Find the first and second derivatives of the function y=4x/ square root (X+1)
Thanks!
Hello,
$\displaystyle f(x)=\frac{4x}{\sqrt{x+1}}=4x \cdot (x+1)^{-1/2}$ (remember that sqrt(x)=x^(1/2))
Note that the constant is not important, because $\displaystyle [af(x)]'=af'(x)$ for any constant.
Apply product rule :
$\displaystyle f'(x)=4 (x+1)^{-1/2}+4x \cdot \tfrac{-1}{2} \cdot (x+1)^{-1/2-1}$$\displaystyle =4(x+1)^{-1/2}-2x (x+1)^{-3/2}=2(x+1)^{-3/2} \big[2(x+1)-x\big]$
$\displaystyle f'(x)=2(x+1)^{-3/2} \big[x+2\big]$
Apply product rule again to get $\displaystyle f''(x)$
You will have to use the quotient rule for this question.

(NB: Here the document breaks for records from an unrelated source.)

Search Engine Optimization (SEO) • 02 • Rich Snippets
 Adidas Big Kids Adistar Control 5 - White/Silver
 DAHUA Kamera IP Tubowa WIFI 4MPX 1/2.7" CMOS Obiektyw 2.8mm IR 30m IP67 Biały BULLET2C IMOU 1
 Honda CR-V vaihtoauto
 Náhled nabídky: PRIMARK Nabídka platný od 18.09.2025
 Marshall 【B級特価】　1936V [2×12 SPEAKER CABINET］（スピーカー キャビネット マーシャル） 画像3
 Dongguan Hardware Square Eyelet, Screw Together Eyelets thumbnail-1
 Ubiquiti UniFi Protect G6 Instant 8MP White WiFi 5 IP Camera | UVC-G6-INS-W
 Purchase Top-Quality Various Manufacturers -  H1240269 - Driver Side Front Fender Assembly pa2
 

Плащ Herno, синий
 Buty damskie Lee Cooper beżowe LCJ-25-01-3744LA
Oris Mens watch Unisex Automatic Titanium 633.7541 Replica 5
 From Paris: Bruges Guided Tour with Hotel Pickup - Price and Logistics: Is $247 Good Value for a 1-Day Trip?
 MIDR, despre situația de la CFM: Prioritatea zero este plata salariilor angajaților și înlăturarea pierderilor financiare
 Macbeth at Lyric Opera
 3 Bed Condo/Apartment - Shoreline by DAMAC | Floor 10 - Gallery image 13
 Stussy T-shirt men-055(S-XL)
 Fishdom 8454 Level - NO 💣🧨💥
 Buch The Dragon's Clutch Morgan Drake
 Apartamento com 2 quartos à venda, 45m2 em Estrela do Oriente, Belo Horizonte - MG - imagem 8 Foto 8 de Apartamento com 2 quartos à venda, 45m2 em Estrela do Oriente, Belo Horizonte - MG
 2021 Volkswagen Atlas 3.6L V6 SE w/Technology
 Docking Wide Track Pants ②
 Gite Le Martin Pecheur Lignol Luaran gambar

The quotient rule is $\displaystyle \frac{d}{dx} \frac{f(x)}{g(x)} = \frac{g(x)f'(x) - f(x)g'(x)}{(g(x))^2}$.
We have: $\displaystyle y = \frac{4x}{\sqrt{x+1}}$
Therefore, $\displaystyle y' = \frac{\sqrt{x+1} \cdot 4 - 4x \cdot (1/2)(x+1)^{-1/2}}{x + 1} = \frac{4(x + 1) - 2x}{(x + 1)^{3/2}} = \frac{2x + 4}{(x + 1)^{3/2}}$.
This is the first derivative.
To obtain the second derivative, you must use the quotient rule to determine the derivative of the first derivative.